What you should do> Print the data exactly as written, but leave out each picture.

---------- Source material ----------

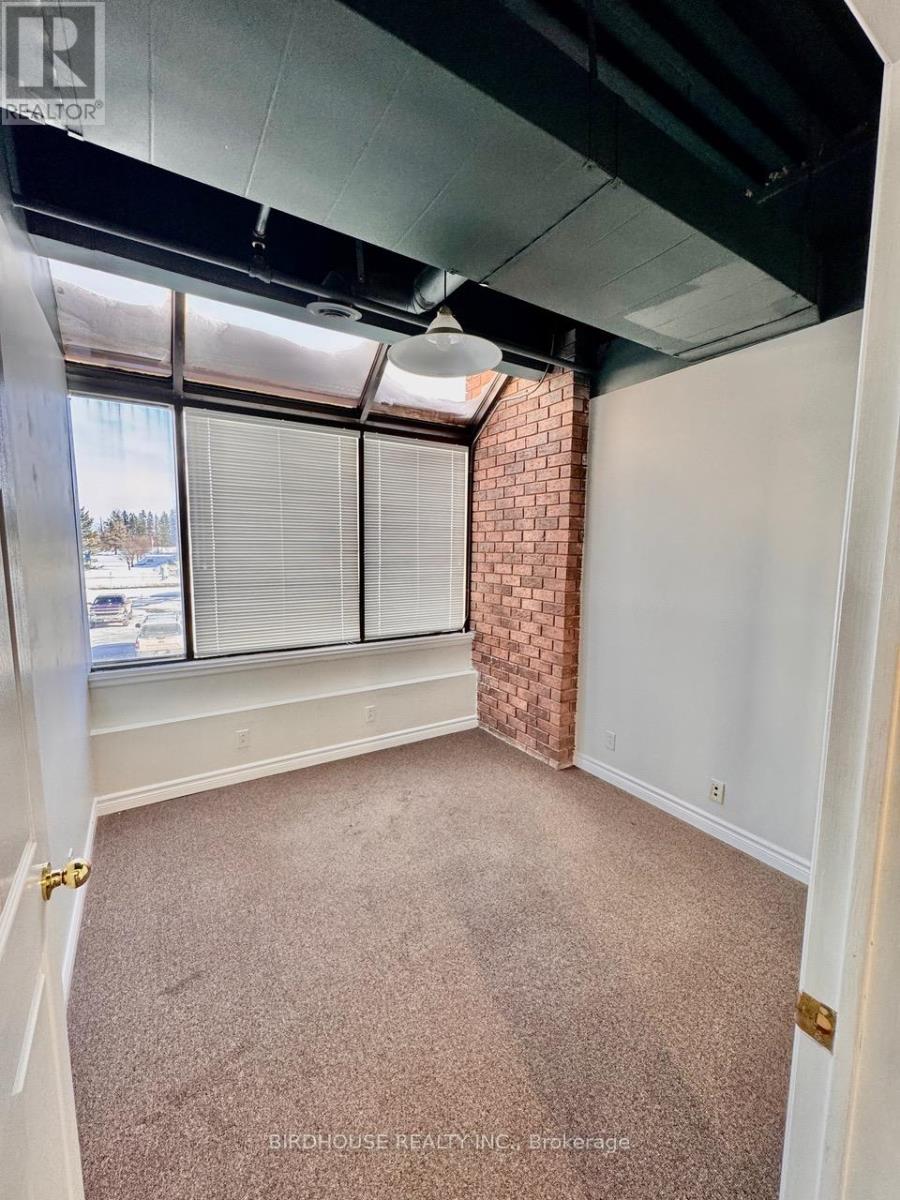 200 - 55 Mary Street W, Kawartha Lakes, Ontario  K9V 5Z6 - Photo 16 - X11911815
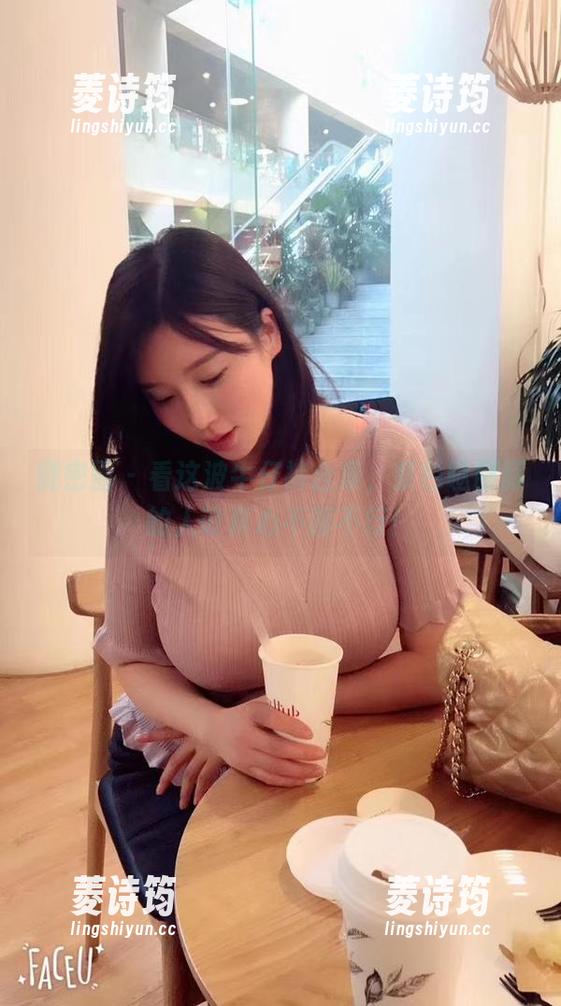 微密圈 - 看这波牛仔裤合集，紫色哒豚豚的人设真心不服不行！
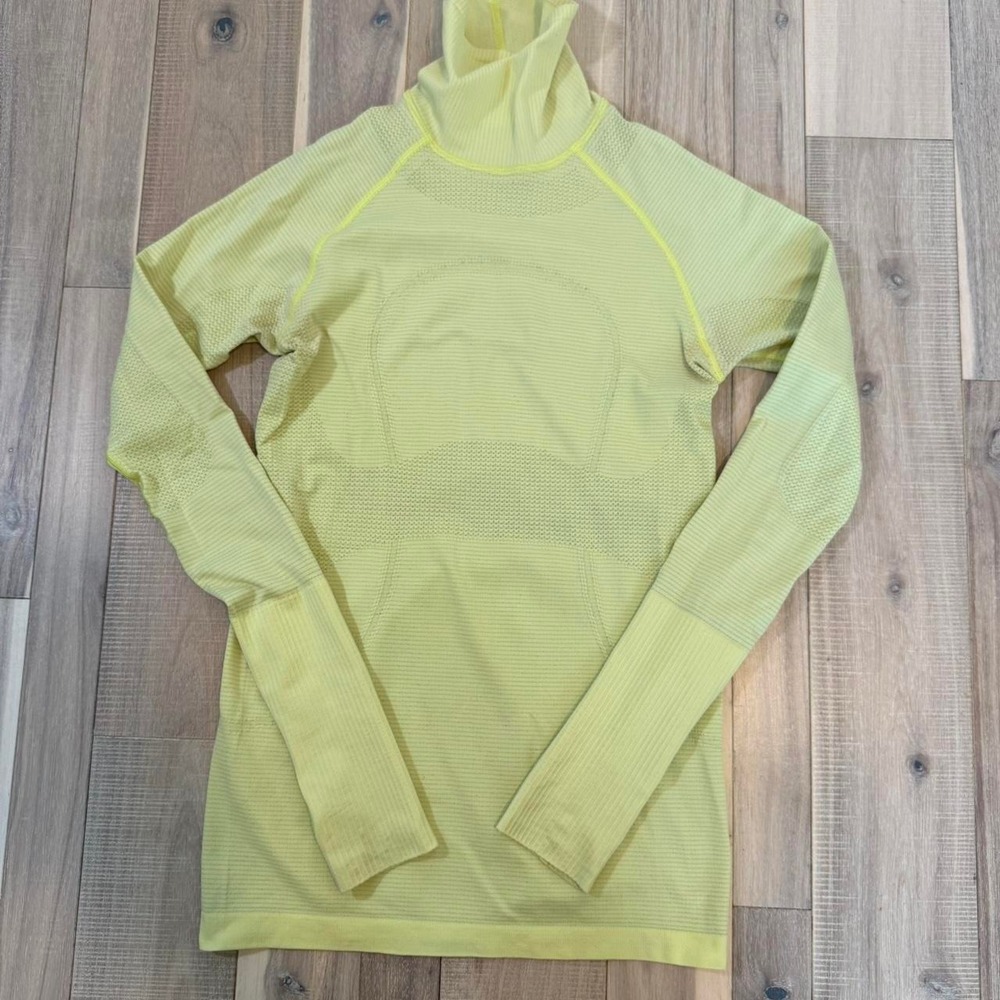 Lululemon yellow long sleeve top sz Med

----------

Task output>
 200 - 55 Mary Street W, Kawartha Lakes, Ontario  K9V 5Z6 - Photo 16 - X11911815
 微密圈 - 看这波牛仔裤合集，紫色哒豚豚的人设真心不服不行！
 Lululemon yellow long sleeve top sz Med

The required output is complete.